Attraverso la raccolta e l’analisi di dati sanitari è pertanto possibile definire in maniera più accurata le malattie e sviluppare un’attività di sorveglianza che favorisca l’individuazione di nuove risposte e misure di sanità pubblica.
Ricordate John Snow? Quando nel 1854 si diffuse il colera nel quartiere di Soho, a Londra, Snow ne studiò la diffusione, utilizzando una piantina della città e la mappatura della diffusione dei casi nei diversi periodi. Questo metodo gli permise di notare che i casi si concentravano attorno ad una pompa dell’acqua presente nel distretto di Soho e di fermare la malattia, bloccando la pompa stessa. Recentemente un gruppo di ricercatori dell’Università di Oxford con sede in Nepal e Vietnam ha avuto un approccio simile per studiare la diffusione del tifo in Nepal: ha infatti combinato il sequenziamento del DNA con le rilevazioni GPS per mappare i casi di tifo ed è riuscito a rintracciare l’origine dei focolai, fornendo così un esempio concreto dei benefici che potremmo ottenere combinando insieme diversi set di dati.
Le più recenti tecniche di sequenziamento del DNA offrono potenti strumenti per identificare le cause delle malattie, aiutare la diagnosi, prevedere le risposte ai trattamenti e determinare quali possano essere le migliori cure per il paziente. Uno studio a livello mondiale, guidato da Dominic Kwiatkwoski, ha ad esempio dimostrato come attraverso queste tecniche si possano affrontare problemi di portata globale, in grado di mettere in pericolo centinaia di migliaia di vite.

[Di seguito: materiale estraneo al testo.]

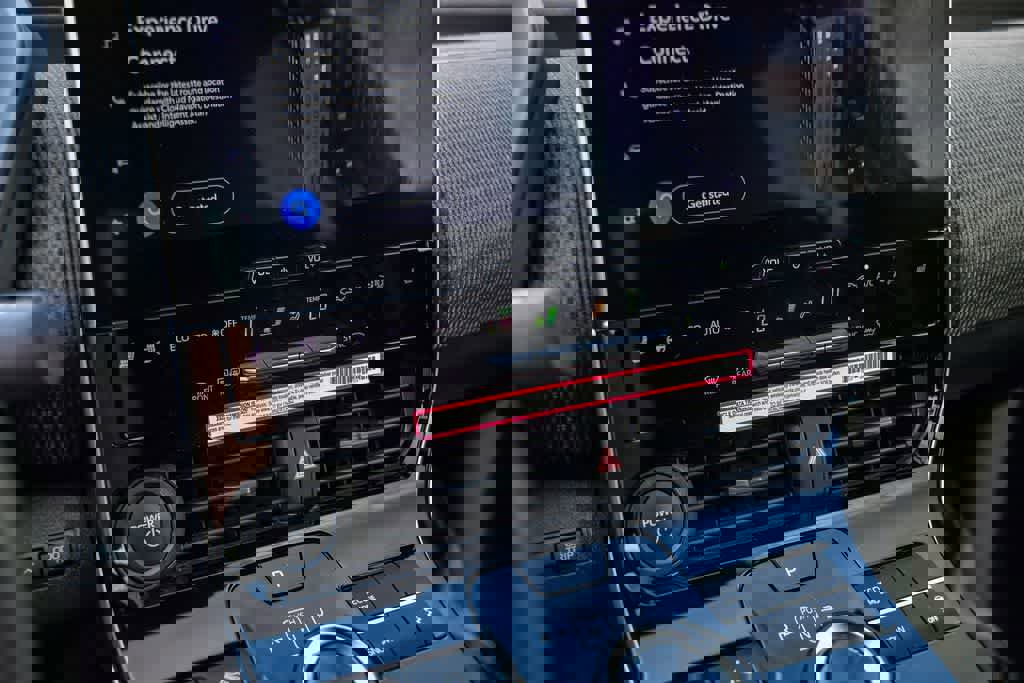 Used 2024 Toyota bZ4X XLE w/ Weather Package image 21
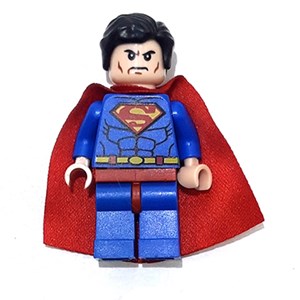 اکشن فیگور لگو 8 عددی اونجرز با سلاح_اسباب بازی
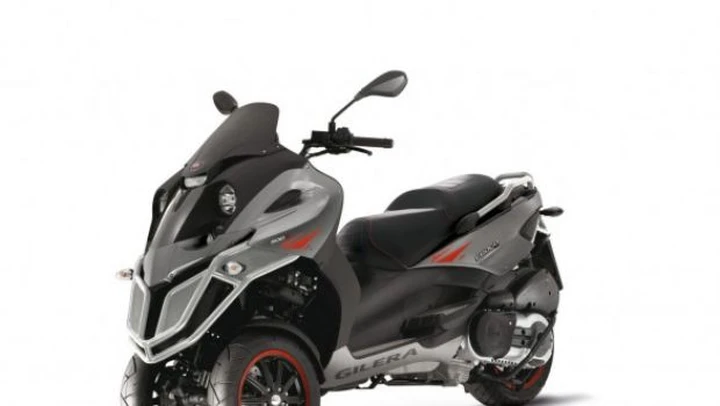 Eicma 2010: Gilera Runner Black Soul e Fuoco 2011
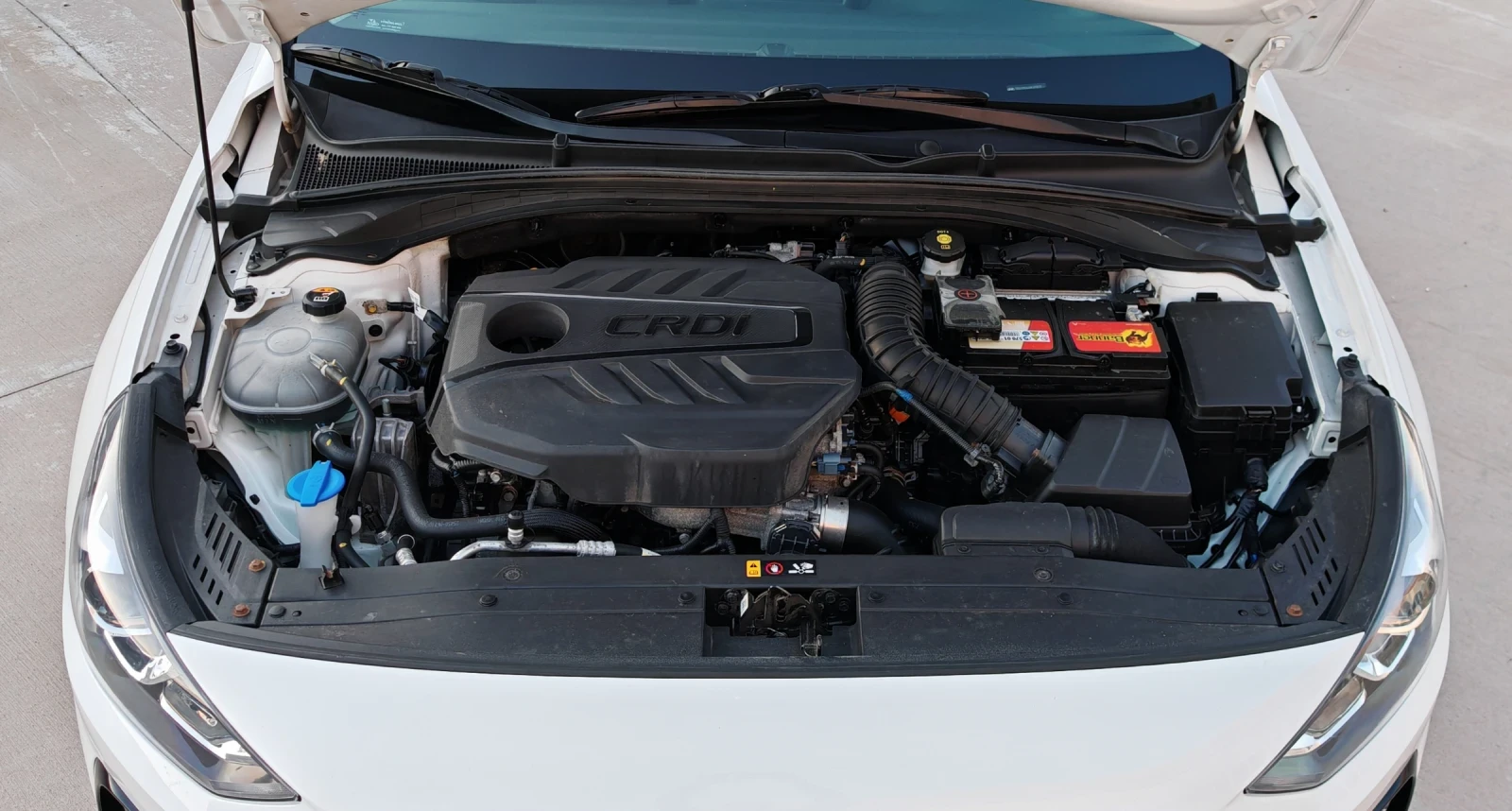Hyundai I30 1.6CRDI LineAssist* Bluetooth* LED* Cruise, снимка 13 - Автомобили и джипове - 54384395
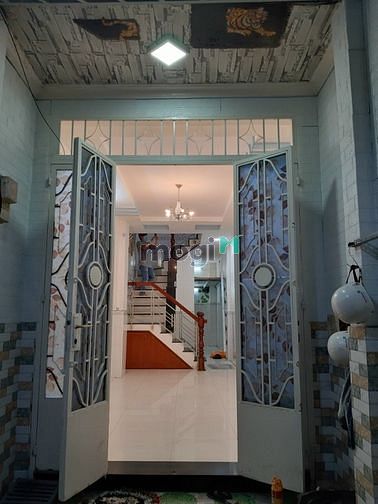 Hình ảnh Bán gấp căn 1 trệt 1 lầu Đường Lưu Chí Hiếu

La diffusione in Cambogia di alcuni parassiti della malaria resistenti al farmaco antimalarico più efficace è stata, infatti, controllata attraverso il monitoraggio genetico dei parassiti stessi.

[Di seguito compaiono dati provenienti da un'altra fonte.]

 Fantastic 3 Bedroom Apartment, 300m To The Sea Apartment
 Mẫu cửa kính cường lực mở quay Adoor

Se si pensa ai database contenenti dati individuali, tra cui quelli genetici, è inevitabile porsi il problema della privacy, che va affrontato dal punto di vista giuridico per bilanciare le esigenze di trasparenza e la necessità dei soggetti che partecipano alla ricerca di essere tutelati nella loro riservatezza. Tuttavia, l’ingresso dei Big Data nel mondo della farmacologia porta con sé un potenziale grande vantaggio per la salute dell’uomo: il beneficio che ne consegue è legato alla capacità di incrociare enormi masse di dati e analizzare così una quantità ineguagliata di informazioni, riferite a milioni di pazienti e pertanto in grado di consentire analisi di ampia portata mai tentate sinora.

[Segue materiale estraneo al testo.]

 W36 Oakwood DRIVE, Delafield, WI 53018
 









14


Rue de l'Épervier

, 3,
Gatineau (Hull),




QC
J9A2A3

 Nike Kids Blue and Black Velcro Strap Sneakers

Quella dei Big Data è una disciplina che richiede, in tutte le fasi del processo, l’intervento di strumenti molto più sofisticati rispetto a quelli tradizionali. Se da un lato è vero che l’intelligenza artificiale e quella umana devono completarsi per trasformare i dati in informazioni e le informazioni in conoscenza (passaggi non proprio scontati), su cui si possano prendere delle decisioni a carattere universale, dall’altro la cooperazione tra le intelligenze umane, che non sarà – almeno a breve termine – imitabile da programmi computazionali, è la caratteristica che rende davvero unica la specie umana e che servirà anche per innovare lo sviluppo farmaceutico negli anni a venire.